En revanche, il ressort de cette même stipulation que le non respect de la clause de non-concurrence résiduelle par Mme Y n’aurait pas seulement pour effet de la priver de la contrepartie financière, mais aussi de déclencher l’application de l’article 16 de son contrat de travail, à savoir de l’obligation de verser la somme de 20 000 euros à titre de clause pénale.
En l’espèce, il convient donc de vérifier si Mme Y a violé ou non son obligation de non-concurrence pour voir si la société était, dans l’affirmative, fondée à ne pas lui verser sa contrepartie financière et si elle peut en outre se prévaloir de la clause pénale.
Sur la violation de la clause de non-concurrence :
Il résulte de l’article 1315 du code civil qu’il incombe à l’employeur, qui se prétend délivré de l’obligation de payer la contrepartie pécuniaire de la clause de non-concurrence, de rapporter la preuve de la violation de cette clause par le salarié.
En outre, il suffit pour qu’il y ait violation de l’obligation de non concurrence que le salarié sollicite la clientèle, sans que soit requise la réalisation d’une vente ou fourniture d’un service.
*En l’espèce, la société MBS Communication soutient d’abord qu’entre le 1er et le 20 août 2014, Mme Y a violé sa clause de non-concurrence (initiale, non résiduelle) alors que les négociations sur le protocole transactionnel n’étaient pas finalisées entre les parties.

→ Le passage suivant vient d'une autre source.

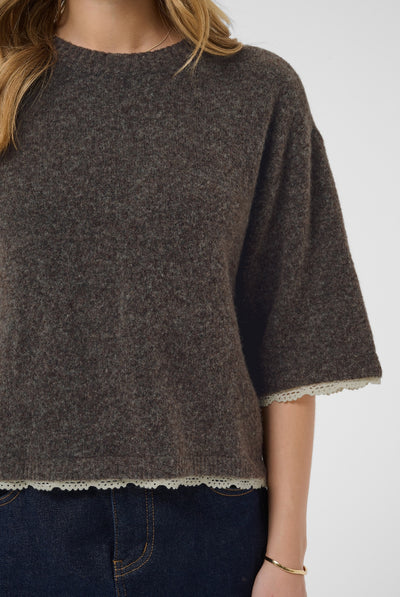 CRKibana Knit Pullover Java Melange - 1910161 - 10615619 Thumbnail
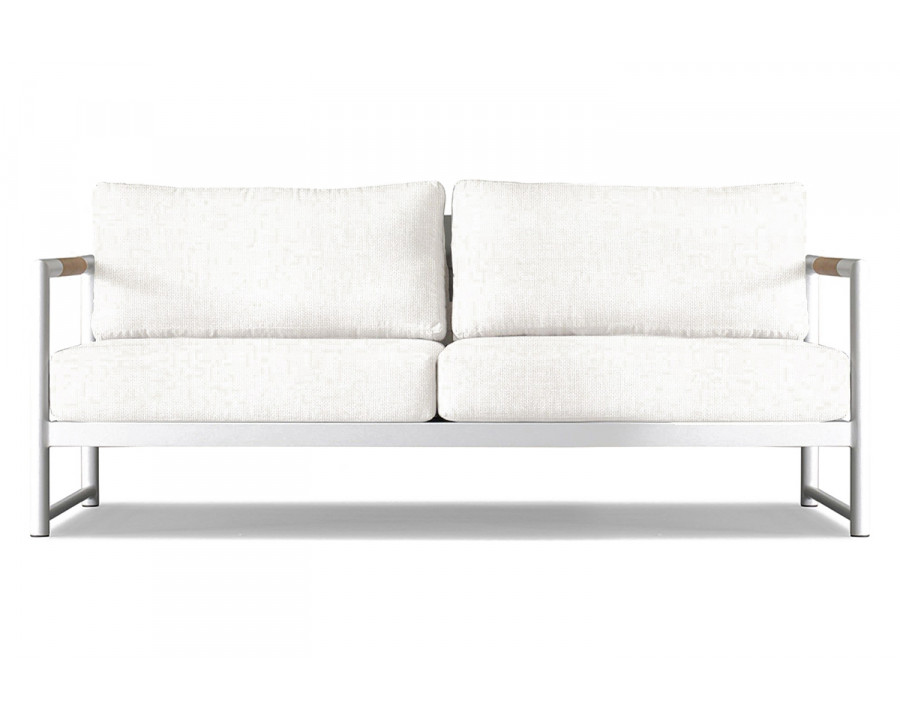 Harbour Breeze Xl 2 Seat Sofa - Aluminum White, Siesta Ivory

La société verse aux débats :
'
un mail de Mme Y à Z Q de drastic sécurité du 10 août 2014 lui indiquant
« Semaine pro, je vais modifier les accès et paramètres du compte Online pour RIB et autres… Pourras-tu me confirmer les accès stp ' »
'
un mail de Mme Y à Z de drastic sécurité du 15 août 2014 indiquant « Au retour de
A, Valentin est censé remettre à jour toutes les mentions légales de mes sites qui ont été modifiées au profit de liens vers MBS, qu’il doit retirer pour remettre les choses telles qu’elles étaient à mon arrivée, à savoir Les mentions légales « site réalisé par CQFD blablabla… ('.) et ensuite on réinitialisera tout ».
'
une fiche de présentation de la société SAS 02 Solutions que Mme Y aurait réactivée dès le
11 août.
La cour relève que le premier mail n’est pas significatif d’une violation de son obligation de non-concurrence, car comme le soutient Mme Y, elle n’a fait que contacter un opérateur extérieur qui travaillait avec la société MBS pour organiser la cession d’un compte de serveur qui sera formalisée par le protocole du 20 août 2014. De même, si son second mail du 15 août 2014 traduit son intention, sous couvert de répondre à la déloyauté originelle de la société, de violer la clause de non concurrence initiale, il est dépourvu d’actes positifs de concurrence, c’est à dire de sollicitation de clients, y compris avant le 20 août. La fiche des données juridiques de la société 02 solutions n’est pas plus révélatrice à cet égard.
La cour en conclut que si ces éléments révèlent l’intention de Mme Y de violer la clause de non concurrence de son contrat initial, donc entre le 1er août date de la rupture de son contrat et le 20 août date de la conclusion de la transaction, cette intention ne suffit pas à caractériser une violation de son obligation de non-concurrence, telle qu’elle prévalait entre le 1er et le 20 août, une telle violation devant être matérialisée par des actes concrets de sollicitation de clients. En outre, les éléments invoqués peuvent apparaître comme autant de manières d’anticiper la clause de l’accord transactionnel en cours de négociation qui a précisément restreint l’interdiction de concurrence initiale par rapport aux clients susceptibles d’être sollicités.
*La société MBS Communication soutient ensuite que Mme Y a aussi violé sa clause de non-concurrence résiduelle entre le 20 août et le 1er octobre 2014.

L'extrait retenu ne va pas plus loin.